25 Aug, 2019

1 commit

  • >From IB specific 7.6.5 SERVICE LEVEL, Service Level (SL)
    is used to identify different flows within an IBA subnet.
    It is carried in the local route header of the packet.

    Before this commit, run "rds-info -I". The outputs are as
    below:
    "
    RDS IB Connections:
    LocalAddr RemoteAddr Tos SL LocalDev RemoteDev
    192.2.95.3 192.2.95.1 2 0 fe80::21:28:1a:39 fe80::21:28:10:b9
    192.2.95.3 192.2.95.1 1 0 fe80::21:28:1a:39 fe80::21:28:10:b9
    192.2.95.3 192.2.95.1 0 0 fe80::21:28:1a:39 fe80::21:28:10:b9
    "
    After this commit, the output is as below:
    "
    RDS IB Connections:
    LocalAddr RemoteAddr Tos SL LocalDev RemoteDev
    192.2.95.3 192.2.95.1 2 2 fe80::21:28:1a:39 fe80::21:28:10:b9
    192.2.95.3 192.2.95.1 1 1 fe80::21:28:1a:39 fe80::21:28:10:b9
    192.2.95.3 192.2.95.1 0 0 fe80::21:28:1a:39 fe80::21:28:10:b9
    "

    The commit fe3475af3bdf ("net: rds: add per rds connection cache
    statistics") adds cache_allocs in struct rds_info_rdma_connection
    as below:
    struct rds_info_rdma_connection {
    ...
    __u32 rdma_mr_max;
    __u32 rdma_mr_size;
    __u8 tos;
    __u32 cache_allocs;
    };
    The peer struct in rds-tools of struct rds_info_rdma_connection is as
    below:
    struct rds_info_rdma_connection {
    ...
    uint32_t rdma_mr_max;
    uint32_t rdma_mr_size;
    uint8_t tos;
    uint8_t sl;
    uint32_t cache_allocs;
    };
    The difference between userspace and kernel is the member variable sl.
    In the kernel struct, the member variable sl is missing. This will
    introduce risks.

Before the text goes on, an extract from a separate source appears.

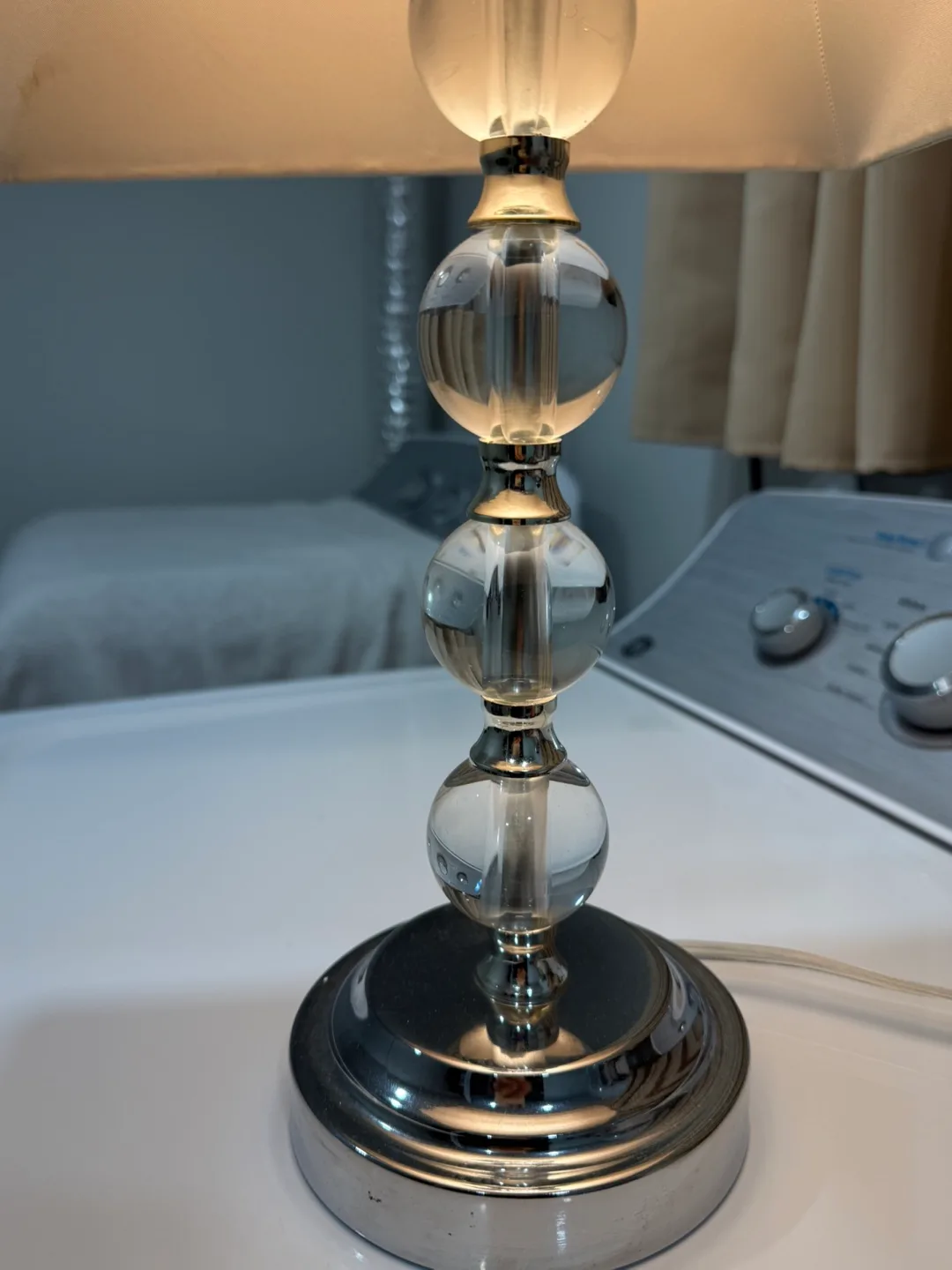 Crystal Ball Table Lamp image indicator(4)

So it is necessary to use this commit to avoid this risk.

    Fixes: fe3475af3bdf ("net: rds: add per rds connection cache statistics")
    CC: Joe Jin
    CC: JUNXIAO_BI
    Suggested-by: Gerd Rausch
    Signed-off-by: Zhu Yanjun
    Acked-by: Santosh Shilimkar
    Signed-off-by: David S. Miller

    Zhu Yanjun
     

28 Jul, 2019

1 commit

  • In rds_rdma_cm_event_handler_cmn(), there are some if statements to
    check whether conn is NULL, such as on lines 65, 96 and 112.
    But conn is not checked before being used on line 108:
    trans->cm_connect_complete(conn, event);
    and on lines 140-143:
    rdsdebug("DISCONNECT event - dropping connection "
    "%pI6c->%pI6c\n", &conn->c_laddr,
    &conn->c_faddr);
    rds_conn_drop(conn);

    Thus, possible null-pointer dereferences may occur.

    To fix these bugs, conn is checked before being used.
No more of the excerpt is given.